_Instructions for the task:_ In the entries that follow, the lines from the one with "1997 50 PENCE GIBRALTAR" through the one with "Cane-line - Bliss" are the ones to write out, exactly and with both ends included. Nothing else should appear.

Recorded data
--- START ---

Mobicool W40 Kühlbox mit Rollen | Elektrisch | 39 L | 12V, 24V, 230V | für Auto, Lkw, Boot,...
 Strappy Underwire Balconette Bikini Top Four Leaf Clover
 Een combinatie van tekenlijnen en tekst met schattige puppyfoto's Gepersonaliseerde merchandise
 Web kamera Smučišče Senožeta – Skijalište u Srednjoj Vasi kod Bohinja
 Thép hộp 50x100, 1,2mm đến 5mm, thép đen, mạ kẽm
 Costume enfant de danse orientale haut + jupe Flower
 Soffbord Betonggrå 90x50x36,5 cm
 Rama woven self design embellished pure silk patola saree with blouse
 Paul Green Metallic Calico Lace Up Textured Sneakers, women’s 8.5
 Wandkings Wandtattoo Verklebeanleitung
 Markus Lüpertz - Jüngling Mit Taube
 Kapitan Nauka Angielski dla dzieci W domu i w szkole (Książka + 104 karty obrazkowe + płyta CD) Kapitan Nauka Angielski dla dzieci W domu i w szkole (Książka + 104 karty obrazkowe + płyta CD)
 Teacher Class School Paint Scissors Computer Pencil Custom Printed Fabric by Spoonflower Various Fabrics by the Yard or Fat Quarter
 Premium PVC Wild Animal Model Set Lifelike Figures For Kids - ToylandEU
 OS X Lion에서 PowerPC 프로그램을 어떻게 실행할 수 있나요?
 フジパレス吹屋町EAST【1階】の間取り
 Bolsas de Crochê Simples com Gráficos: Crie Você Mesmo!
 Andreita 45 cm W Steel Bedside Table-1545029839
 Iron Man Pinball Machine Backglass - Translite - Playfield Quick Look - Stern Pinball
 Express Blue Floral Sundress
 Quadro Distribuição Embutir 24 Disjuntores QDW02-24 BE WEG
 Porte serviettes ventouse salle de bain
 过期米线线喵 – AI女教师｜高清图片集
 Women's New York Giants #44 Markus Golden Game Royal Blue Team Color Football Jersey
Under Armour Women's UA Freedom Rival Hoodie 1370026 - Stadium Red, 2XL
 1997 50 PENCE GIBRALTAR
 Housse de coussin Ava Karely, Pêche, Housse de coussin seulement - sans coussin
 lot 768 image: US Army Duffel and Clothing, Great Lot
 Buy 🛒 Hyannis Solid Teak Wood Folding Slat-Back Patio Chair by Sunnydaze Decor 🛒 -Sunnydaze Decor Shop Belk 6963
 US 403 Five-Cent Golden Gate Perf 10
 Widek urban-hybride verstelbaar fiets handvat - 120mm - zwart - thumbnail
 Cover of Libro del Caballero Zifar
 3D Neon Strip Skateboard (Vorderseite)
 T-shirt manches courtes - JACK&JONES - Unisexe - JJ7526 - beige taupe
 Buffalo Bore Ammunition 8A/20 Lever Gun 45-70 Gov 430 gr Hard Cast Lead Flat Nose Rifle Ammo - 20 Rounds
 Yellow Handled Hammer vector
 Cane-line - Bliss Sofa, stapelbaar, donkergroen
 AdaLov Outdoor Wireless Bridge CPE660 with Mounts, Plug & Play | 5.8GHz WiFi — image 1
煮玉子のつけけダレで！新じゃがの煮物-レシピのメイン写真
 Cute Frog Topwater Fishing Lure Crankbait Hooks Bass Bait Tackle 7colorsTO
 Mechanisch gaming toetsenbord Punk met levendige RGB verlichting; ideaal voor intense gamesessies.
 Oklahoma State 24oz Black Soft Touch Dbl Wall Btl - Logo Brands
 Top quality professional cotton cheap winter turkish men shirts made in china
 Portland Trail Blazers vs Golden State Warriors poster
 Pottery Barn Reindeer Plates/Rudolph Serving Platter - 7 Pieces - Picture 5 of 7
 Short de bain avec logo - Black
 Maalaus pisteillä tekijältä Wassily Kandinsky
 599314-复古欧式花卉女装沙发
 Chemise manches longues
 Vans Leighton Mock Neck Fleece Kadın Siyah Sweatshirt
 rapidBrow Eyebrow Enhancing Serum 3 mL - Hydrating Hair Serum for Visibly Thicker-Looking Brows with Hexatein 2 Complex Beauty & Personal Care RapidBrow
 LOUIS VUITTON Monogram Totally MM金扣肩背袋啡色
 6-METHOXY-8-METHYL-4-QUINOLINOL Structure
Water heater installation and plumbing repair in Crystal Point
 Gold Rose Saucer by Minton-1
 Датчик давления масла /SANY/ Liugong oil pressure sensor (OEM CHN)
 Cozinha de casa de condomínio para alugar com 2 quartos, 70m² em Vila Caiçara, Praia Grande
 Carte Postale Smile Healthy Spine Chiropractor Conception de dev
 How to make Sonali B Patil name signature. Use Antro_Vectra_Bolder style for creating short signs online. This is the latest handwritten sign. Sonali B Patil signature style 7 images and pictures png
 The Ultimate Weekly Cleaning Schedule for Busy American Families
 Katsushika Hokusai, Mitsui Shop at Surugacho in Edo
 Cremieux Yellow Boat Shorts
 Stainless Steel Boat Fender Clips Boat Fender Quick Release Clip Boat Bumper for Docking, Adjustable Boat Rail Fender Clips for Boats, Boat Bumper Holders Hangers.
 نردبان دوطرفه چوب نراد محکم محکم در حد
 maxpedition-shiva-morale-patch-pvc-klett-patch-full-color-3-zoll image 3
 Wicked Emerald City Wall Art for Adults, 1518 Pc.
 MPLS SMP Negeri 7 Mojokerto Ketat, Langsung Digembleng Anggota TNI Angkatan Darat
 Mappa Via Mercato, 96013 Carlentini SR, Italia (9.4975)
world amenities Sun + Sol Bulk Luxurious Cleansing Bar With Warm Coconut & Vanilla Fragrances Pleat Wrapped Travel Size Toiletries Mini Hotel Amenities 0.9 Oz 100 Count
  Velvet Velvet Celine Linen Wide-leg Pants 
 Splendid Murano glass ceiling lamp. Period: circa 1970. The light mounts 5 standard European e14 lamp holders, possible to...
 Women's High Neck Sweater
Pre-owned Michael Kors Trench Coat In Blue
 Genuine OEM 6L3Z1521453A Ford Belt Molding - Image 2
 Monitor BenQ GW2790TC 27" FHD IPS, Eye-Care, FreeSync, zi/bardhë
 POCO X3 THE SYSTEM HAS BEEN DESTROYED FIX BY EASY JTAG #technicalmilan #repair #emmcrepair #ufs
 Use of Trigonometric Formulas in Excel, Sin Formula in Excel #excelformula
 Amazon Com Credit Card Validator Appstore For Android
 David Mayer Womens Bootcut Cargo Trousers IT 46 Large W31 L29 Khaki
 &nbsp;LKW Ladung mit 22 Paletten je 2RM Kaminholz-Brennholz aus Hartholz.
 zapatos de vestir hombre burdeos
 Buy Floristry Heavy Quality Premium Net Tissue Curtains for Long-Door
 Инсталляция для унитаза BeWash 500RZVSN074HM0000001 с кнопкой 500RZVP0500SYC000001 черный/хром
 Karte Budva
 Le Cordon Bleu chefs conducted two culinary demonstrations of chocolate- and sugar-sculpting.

--- END ---

_Answer below:_
 1997 50 PENCE GIBRALTAR
 Housse de coussin Ava Karely, Pêche, Housse de coussin seulement - sans coussin
 lot 768 image: US Army Duffel and Clothing, Great Lot
 Buy 🛒 Hyannis Solid Teak Wood Folding Slat-Back Patio Chair by Sunnydaze Decor 🛒 -Sunnydaze Decor Shop Belk 6963
 US 403 Five-Cent Golden Gate Perf 10
 Widek urban-hybride verstelbaar fiets handvat - 120mm - zwart - thumbnail
 Cover of Libro del Caballero Zifar
 3D Neon Strip Skateboard (Vorderseite)
 T-shirt manches courtes - JACK&JONES - Unisexe - JJ7526 - beige taupe
 Buffalo Bore Ammunition 8A/20 Lever Gun 45-70 Gov 430 gr Hard Cast Lead Flat Nose Rifle Ammo - 20 Rounds
 Yellow Handled Hammer vector
 Cane-line - Bliss Sofa, stapelbaar, donkergroen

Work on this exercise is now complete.